In this series, we have been trying to de-center and re-center ourselves. We have been trying to encourage you to be a John Muir in New York and appreciate the wilderness here or a Henry David Thoreau in Manhattan finding the wildness here. We have been saying that New York is an ocean fronting region instead of a Thoreau fronting pond.

We have already lived in to the apocalypse and know that we now dwell beyond our limits. I remember debating Ed Koch in the eighties when he tried to get rid of the very successful urban gardening movement. He said we couldn’t afford these gardens. The truth was that we couldn’t afford not to build these gardens. I also remember being invited by the Brookings Institution in Miami to write a “utopian” idea of Miami. I wrote that we should get rid of every other road and plant gardens on the ones where we tore up the concrete. The woman from Brookings passed out when she saw the essay. “This,” she said, “will get me fired, it is so stupid and unlikely.” I agreed. She never published the essay – and last year Brookings brought it out and said, “what an interesting idea.”

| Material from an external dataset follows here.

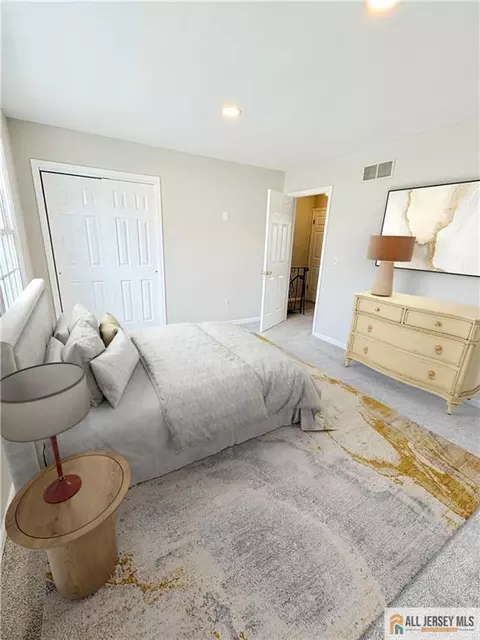 Bedroom - 86 Wilton Ave, Middlesex, NJ 08846 photo 1 of 6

What difference could all of these big ideas make to your or my small life? We could declare what Stephen Gluckstern calls Eminent domain over our own spirituality. Gluckstern’s ideas about eminent domain as a way to fix the mortgage crisis – that great environmental notion that shows us how deeply we have mortgaged the planet’s future – is well summarized in this week’s New Yorker. I highly recommend you read how he suggests we get the bank’s profits out of the housing muddle by having cities declare eminent domain. You only declare that when you have a crisis so large that you finally recognize it and become aware that you can’t do anything else.

I am going to borrow his economic idea for our personal use. Declaring eminent domain over your own spirit is a confrontation with its grief. How did I come to dwell in such a way as to foul the water and be fat in a world of skinny sheep? Those who can confront the grief of entrapment and understand the way the system is rigged will not just survive, but also learn to get out of their own way. They will sanctify what is rather than try to fix it. They will come to connect to beauty. The grief confronted becomes a way to live differently, not instrumentally, but differently.

This afternoon, imagine that things may not always be the same as they are now. Look at the beauty of this agape feast, here, now, suggesting there and then. Imagine having to do this service in the dark or without microphones or without so much food. Rejoice in what has already happened. Rejoice that it has happened at all. When we release ourselves of the self-centered picture of nature, we move beyond entrapment into a kind of freedom. The kind the dinosaurs knew. The kind we can also know.